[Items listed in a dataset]
━━━━━━━━━━━━━━━━━━━━

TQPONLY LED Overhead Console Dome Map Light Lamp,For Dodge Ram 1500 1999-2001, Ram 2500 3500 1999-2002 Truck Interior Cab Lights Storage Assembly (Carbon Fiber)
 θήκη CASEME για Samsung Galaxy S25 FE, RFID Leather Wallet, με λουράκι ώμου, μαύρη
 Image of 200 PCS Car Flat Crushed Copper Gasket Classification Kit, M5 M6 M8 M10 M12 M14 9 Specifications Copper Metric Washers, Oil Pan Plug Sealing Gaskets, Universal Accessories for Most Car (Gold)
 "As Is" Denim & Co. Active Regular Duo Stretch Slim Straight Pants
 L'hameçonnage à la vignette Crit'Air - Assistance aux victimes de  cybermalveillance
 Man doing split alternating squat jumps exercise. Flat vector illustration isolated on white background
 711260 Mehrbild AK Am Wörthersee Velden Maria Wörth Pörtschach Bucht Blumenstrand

━━━━━━━━━━━━━━━━━━━━

Work request: Output every record in full, exactly as it was given.

Result of this exercise:
TQPONLY LED Overhead Console Dome Map Light Lamp,For Dodge Ram 1500 1999-2001, Ram 2500 3500 1999-2002 Truck Interior Cab Lights Storage Assembly (Carbon Fiber)
 θήκη CASEME για Samsung Galaxy S25 FE, RFID Leather Wallet, με λουράκι ώμου, μαύρη
 Image of 200 PCS Car Flat Crushed Copper Gasket Classification Kit, M5 M6 M8 M10 M12 M14 9 Specifications Copper Metric Washers, Oil Pan Plug Sealing Gaskets, Universal Accessories for Most Car (Gold)
 "As Is" Denim & Co. Active Regular Duo Stretch Slim Straight Pants
 L'hameçonnage à la vignette Crit'Air - Assistance aux victimes de  cybermalveillance
 Man doing split alternating squat jumps exercise. Flat vector illustration isolated on white background
 711260 Mehrbild AK Am Wörthersee Velden Maria Wörth Pörtschach Bucht Blumenstrand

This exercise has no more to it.